I believe I have tracked down the root cause of the problem. It seems to be the model of Hue light selected to be the GP proxy! While our ceiling lights look the same, they're from different generations. ☝️

This truly seems to be a firmware issue all along. So I assumed all our GP switches were correctly paired as unicast, but in reality, only a few of them actually were! 🀯

burmistrzak commented 3 months ago

This truly seems to be a firmware issue all along.

I was able to confirm that (at least) the following devices support commissioning GP devices in unicast mode:

Hue lights from the same generation as the ones above should work as expected. Older generations, despite latest firmware, likely use Groupcast instead.

burmistrzak commented 3 months ago

@samuele2723 Alright, after I made my discoveries outlined above, I also had to re-pair almost all of our EnOcean switches. πŸ˜…

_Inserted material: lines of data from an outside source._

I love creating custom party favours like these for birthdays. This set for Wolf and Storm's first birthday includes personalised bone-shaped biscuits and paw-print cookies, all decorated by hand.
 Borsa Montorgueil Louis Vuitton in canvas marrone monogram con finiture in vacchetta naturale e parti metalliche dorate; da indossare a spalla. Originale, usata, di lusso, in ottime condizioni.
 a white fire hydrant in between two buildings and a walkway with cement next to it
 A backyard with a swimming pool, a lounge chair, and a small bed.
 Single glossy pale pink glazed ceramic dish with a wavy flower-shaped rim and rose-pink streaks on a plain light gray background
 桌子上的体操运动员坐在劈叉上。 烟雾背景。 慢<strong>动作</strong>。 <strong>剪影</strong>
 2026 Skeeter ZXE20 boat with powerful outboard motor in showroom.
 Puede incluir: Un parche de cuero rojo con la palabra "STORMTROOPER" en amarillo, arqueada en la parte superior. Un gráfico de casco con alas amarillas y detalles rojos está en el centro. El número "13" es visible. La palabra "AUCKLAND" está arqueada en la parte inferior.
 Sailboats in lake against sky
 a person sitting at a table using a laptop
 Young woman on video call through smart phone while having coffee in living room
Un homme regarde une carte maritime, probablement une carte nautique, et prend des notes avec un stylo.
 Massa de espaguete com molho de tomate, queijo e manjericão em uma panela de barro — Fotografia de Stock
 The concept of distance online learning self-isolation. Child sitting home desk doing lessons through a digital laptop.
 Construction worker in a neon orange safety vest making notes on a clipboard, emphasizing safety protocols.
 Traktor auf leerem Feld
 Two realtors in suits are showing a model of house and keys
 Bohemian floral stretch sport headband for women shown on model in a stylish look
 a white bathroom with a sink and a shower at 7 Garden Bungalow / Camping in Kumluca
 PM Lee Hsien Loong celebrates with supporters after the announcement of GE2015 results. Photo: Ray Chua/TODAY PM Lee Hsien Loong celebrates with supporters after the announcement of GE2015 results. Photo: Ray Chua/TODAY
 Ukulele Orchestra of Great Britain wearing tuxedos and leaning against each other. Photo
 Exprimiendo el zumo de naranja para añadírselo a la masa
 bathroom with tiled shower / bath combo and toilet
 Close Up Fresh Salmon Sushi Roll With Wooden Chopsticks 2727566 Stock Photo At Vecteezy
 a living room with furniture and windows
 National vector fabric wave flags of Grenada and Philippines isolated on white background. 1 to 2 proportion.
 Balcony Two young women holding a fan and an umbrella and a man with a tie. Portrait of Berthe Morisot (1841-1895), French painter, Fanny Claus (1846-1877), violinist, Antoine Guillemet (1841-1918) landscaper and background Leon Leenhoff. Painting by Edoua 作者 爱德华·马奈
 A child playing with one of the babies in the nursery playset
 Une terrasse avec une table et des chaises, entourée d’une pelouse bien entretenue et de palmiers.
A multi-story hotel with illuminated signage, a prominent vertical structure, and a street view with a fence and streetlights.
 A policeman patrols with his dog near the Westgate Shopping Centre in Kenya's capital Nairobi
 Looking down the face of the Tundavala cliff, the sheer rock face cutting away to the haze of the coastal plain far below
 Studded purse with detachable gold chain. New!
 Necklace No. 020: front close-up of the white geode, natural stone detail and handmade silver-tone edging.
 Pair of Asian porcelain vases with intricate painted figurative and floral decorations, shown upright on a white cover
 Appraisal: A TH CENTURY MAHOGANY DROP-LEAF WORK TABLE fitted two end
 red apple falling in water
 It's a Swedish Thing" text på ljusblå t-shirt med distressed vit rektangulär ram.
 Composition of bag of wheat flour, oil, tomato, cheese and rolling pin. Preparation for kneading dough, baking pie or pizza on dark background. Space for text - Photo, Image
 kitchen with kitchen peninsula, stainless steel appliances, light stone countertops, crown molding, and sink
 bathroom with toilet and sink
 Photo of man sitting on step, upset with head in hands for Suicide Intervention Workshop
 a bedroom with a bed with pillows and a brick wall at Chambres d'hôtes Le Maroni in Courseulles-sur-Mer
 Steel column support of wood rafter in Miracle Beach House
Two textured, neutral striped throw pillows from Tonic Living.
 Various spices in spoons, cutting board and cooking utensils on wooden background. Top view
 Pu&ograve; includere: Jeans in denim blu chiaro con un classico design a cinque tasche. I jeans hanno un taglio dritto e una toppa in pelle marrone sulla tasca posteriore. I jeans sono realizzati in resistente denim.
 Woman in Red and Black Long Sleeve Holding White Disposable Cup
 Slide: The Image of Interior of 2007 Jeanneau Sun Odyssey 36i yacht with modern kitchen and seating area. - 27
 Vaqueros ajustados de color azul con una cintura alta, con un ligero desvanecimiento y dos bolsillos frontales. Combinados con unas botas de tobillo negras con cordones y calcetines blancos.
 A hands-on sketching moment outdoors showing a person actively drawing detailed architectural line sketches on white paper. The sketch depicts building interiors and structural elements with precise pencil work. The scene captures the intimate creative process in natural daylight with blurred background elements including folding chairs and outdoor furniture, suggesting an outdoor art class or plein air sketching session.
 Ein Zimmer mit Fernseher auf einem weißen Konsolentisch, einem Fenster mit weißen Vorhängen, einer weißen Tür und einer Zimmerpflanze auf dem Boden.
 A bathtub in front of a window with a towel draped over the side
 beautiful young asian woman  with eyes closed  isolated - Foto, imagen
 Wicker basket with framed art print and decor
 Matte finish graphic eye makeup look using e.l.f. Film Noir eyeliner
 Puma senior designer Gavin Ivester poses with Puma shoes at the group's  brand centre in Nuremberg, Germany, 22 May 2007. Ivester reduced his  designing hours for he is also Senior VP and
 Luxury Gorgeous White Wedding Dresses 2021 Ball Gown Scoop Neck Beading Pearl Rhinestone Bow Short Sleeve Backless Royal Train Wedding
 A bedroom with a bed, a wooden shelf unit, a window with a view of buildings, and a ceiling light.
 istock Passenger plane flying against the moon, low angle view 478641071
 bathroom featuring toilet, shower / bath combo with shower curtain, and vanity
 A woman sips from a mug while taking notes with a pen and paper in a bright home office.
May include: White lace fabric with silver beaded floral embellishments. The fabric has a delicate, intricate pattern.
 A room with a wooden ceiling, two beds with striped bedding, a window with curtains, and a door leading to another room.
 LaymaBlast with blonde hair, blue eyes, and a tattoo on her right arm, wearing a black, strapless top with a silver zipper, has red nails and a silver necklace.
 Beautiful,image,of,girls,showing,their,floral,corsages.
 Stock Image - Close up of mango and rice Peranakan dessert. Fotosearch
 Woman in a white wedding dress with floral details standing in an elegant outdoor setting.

Here's some important information for anyone trying to pair their Zigbee Green Power in unicast mode:

Make sure the GP proxy you choose (e.g. a Hue light) is actually using unicast commissioning when told to do so! One good indicator I've found is the presence of an input cluster on the Green Power endpoint. So far all GP proxies with an input cluster on that endpoint, will use Groupcast and not Unicast to pair ZGP devices. That's what it looks like in Z2M web UI for example:

IMG_1103

IMG_1102

It might be possible to force/change the commissioning mode (on GP proxies with an input cluster) using some command. We'll see. I'm currently working through the ZGP specification. πŸ˜‡

burmistrzak commented 3 months ago

A few more details: It appears that Signify (Philips Hue) decided at some point, to upgrade their hardwired fixtures to also include a Green Power server, alongside the client cluster available on all of their modern lights.

So the type of light (removable or not) seems to be the key here, not really product generation.

LaurentChardin commented 3 months ago

I always thought that Input and Output GP clusters were part of the Zigbee 3.0 specifications, and needed for the certification. I see that @Hedda answered to you in Koenkk/zigbee-herdsman#902

Anyway very nice drilldown @burmistrzak

burmistrzak commented 3 months ago

I always thought that Input and Output GP clusters were part of the Zigbee 3.0 specifications, and needed for the certification.

@LaurentChardin Apparently not, because the E27 Hue bulbs are definitely Zigbee 3.0 certified. It really seems to be a policy choice by Signify to only include a Green Power Sink (server) with their hardwired fixtures.

I believe what we're seeing here is the difference between a Green Power Proxy Basic, and a Green Power Combo Basic device. The latter being an interesting combination of a GP Proxy Basic, and a GP Sink Basic in a single device.

However, one big mystery still remains: Why does the proxy of such a GP Combo Basic ignore the GP Commissioning Mode requested by the coordinator?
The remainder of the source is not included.